Я выпил и сразу окосел: закурил и отвалился на цементные носилки, служившие нам спинкой скамейки. Потом помню смутно: баба снимает штаны и все столпились вокруг нее – Жора тоже. Там что-то происходит, она часто стонет, и это продолжается довольно долго. Потом все от нее отступают, а кто-то из наших гостей дает ей кулаком в глаз. Довольный смех. Баба пьет из консервной банки, закуривает и уходит, улыбаясь – синяками теперь украшены оба ее глаза. Постепенно расходятся и все остальные. Мы с Жорой снова засыпаем на своих бушлатах: сейчас совсем тепло и можно спать на них как на подушке.

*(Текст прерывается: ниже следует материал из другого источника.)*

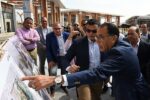 رئيس الوزراء يتفقد مشروعات القاهرة التاريخية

Так и жили мы до осени, кое-как перебиваясь подножным кормом. Когда было совсем тяжко – жарили голубей (их там полно было у свалки) неподалеку от вокзалов. Потом стало холодать: стало ясно, что ближе к зиме надо как-то обосновываться. Все московские чердаки позакрывали от таких же бродяг, как мы. Пришлось перебираться на свалку машин: дав местным нищим выебать старуху с Казанского вокзала и щедро наградив их папиросами, мы получили довольно теплое место в ржавеньком автобусе без колес. Окна его были целые и даже с прокладкой, а на месте люка в потолке было сооружение похожее на печку.

…Прошло несколько лет. Я окреп и вырос на свежем воздухе, Жора, наоборот, заметно постарел. Все мысли о необходимости постоянной крыши над головой казались нам абсурдными. Зачем? Все эти удобства, купленные ценой непомерного труда, раздражали нас. Вкус пищи умер для нас как понятие. Кислая, гнилая, протухшая, холодная, размоченная еда, точнее, отходы, – только это существовало для всех нас. И мы получали от этого не меньшее удовольствие, чем мудаки-эстеты от своих изысканных блюд, которые губят желудок гораздо быстрее, чем наша еда. И не меньшую радость испытывали, когда удавалось прожить еще один день.

Короче – мы свободны и счастливы! Заходите ко мне, я сейчас на Казанском до осени, а там снова на зимовье отправлюсь.